Utils::Sturm< Real > Class Template Reference

Class for managing and computing the Sturm sequence associated with a polynomial. More...

#include <Utils_Poly.hh>

Public Types
using	Integer = int
using	Poly_t = Poly<Real>
using	dvec_t = Eigen::Matrix<Real,Eigen::Dynamic,1>
using	Interval

Public Member Functions
	Sturm ()
void	build (Poly_t const &p)
	Constructs the Sturm sequence for a given polynomial.
Integer	length () const
	Retrieves the length of the stored Sturm sequence.
Poly_t const &	get (Integer i) const
	Retrieves the i-th polynomial of the stored Sturm sequence.
Integer	sign_variations (Real x, bool &on_root) const
	Computes the sign variations of the stored Sturm sequence at a given point \( x \).
Integer	separate_roots (Real a, Real b)
	Computes subintervals containing single roots within a given interval \( [a,b] \).
Integer	separate_roots ()
	Compute an interval \( [a,b] \) that contains all real roots and separate them into subintervals.
Integer	n_roots () const
	Returns the number of roots found by the Sturm sequence.
Real	a () const
	Returns the left boundary \( a \) of the interval \( [a,b] \) containing all real roots.
Real	b () const
	Returns the right boundary \( b \) of the interval \( [a,b] \) containing all real roots.
Interval const &	get_interval (Integer i) const
	Returns the i-th interval containing a single root.
void	refine_roots ()
	Refine the roots of the polynomial after the intervals have been separated.
dvec_t const &	roots () const
	Returns a vector containing the computed roots after refinement.

Detailed Description

template<typename Real>
class Utils::Sturm< Real >

Class for managing and computing the Sturm sequence associated with a polynomial.
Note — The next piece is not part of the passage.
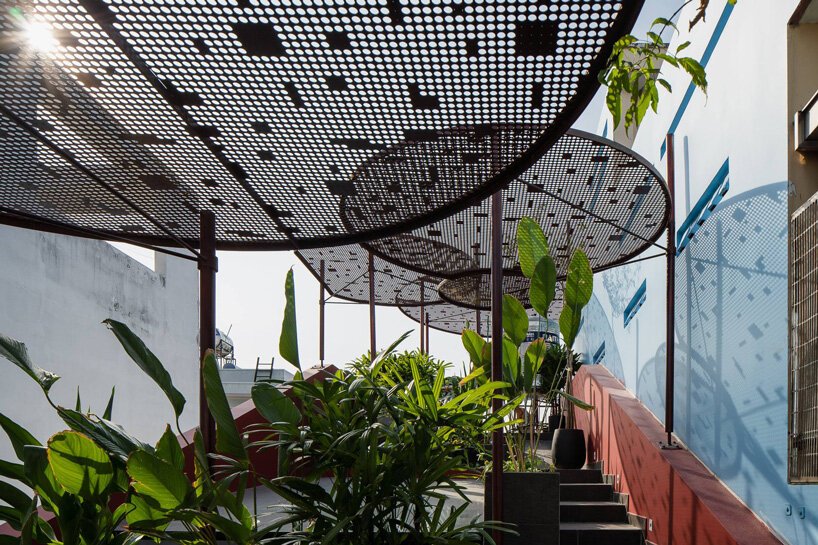 AD9 建筑师完成了带有穿孔立面 + 倾斜屋顶花园的越南房屋 AD9 建筑师完成了带有穿孔立面 + 倾斜屋顶花园的越南房屋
The Sturm class is dedicated to the construction and manipulation of the Sturm sequence for a given polynomial \( p(x) \). This sequence is instrumental in real algebraic geometry, as it provides crucial insights into the behavior of polynomial roots. Specifically, it enables users to ascertain the number of real roots within specific intervals and helps identify the locations of distinct real roots.

Template Parameters

Real	The data type used for the polynomial coefficients, typically a floating-point type.

Features

• Sturm Sequence Construction: Efficiently builds the Sturm sequence for a specified polynomial, facilitating root analysis.
• Sign Variation Counting: Provides methods to compute the number of sign variations of the Sturm sequence at given points, which is essential for determining the count of real roots in specified intervals.
• Root Isolation: Implements techniques to isolate intervals that contain single roots, aiding in numerical root-finding methods.
• Interval Analysis: Allows for the examination of polynomial behavior across intervals, enhancing the understanding of root distribution.
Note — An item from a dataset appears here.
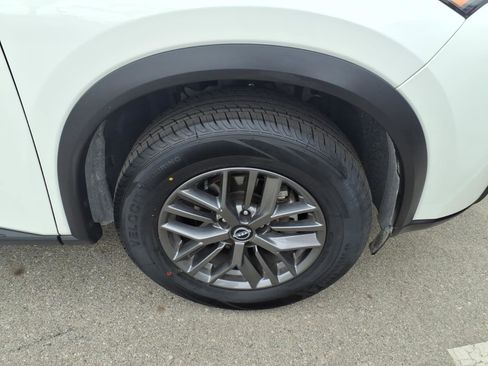 Certified 2024 Nissan Rogue S FWD image 6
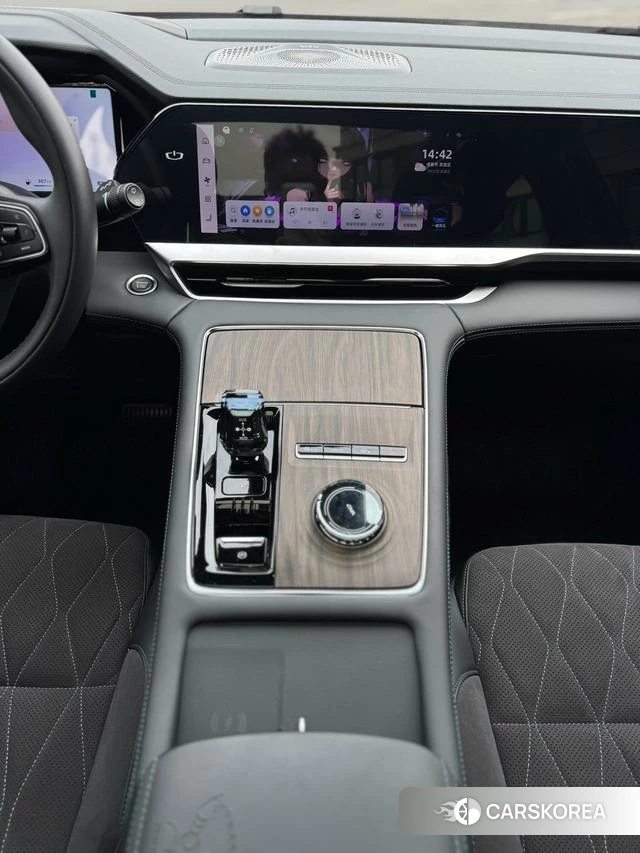 Geely Automobile Xingyue L 2024 Темно-серый из Китая, фото 4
Member Typedef Documentation

dvec_t

template<typename Real>

using Utils::Sturm< Real >::dvec_t = Eigen::Matrix<Real,Eigen::Dynamic,1>

Integer

template<typename Real>

using Utils::Sturm< Real >::Integer = int

Interval

template<typename Real>

using Utils::Sturm< Real >::Interval

Initial value:

 struct Interval {
      Real    a;
      Real    b;
      Integer va;
      Integer vb;
      bool    a_on_root;
      bool    b_on_root;
    }

Poly_t

template<typename Real>

using Utils::Sturm< Real >::Poly_t = Poly<Real>

Constructor & Destructor Documentation

Sturm()

template<typename Real>

Utils::Sturm< Real >::Sturm ( )

inline

Member Function Documentation

a()

template<typename Real>

Real Utils::Sturm< Real >::a ( ) const

inline

Returns the left boundary \( a \) of the interval \( [a,b] \) containing all real roots.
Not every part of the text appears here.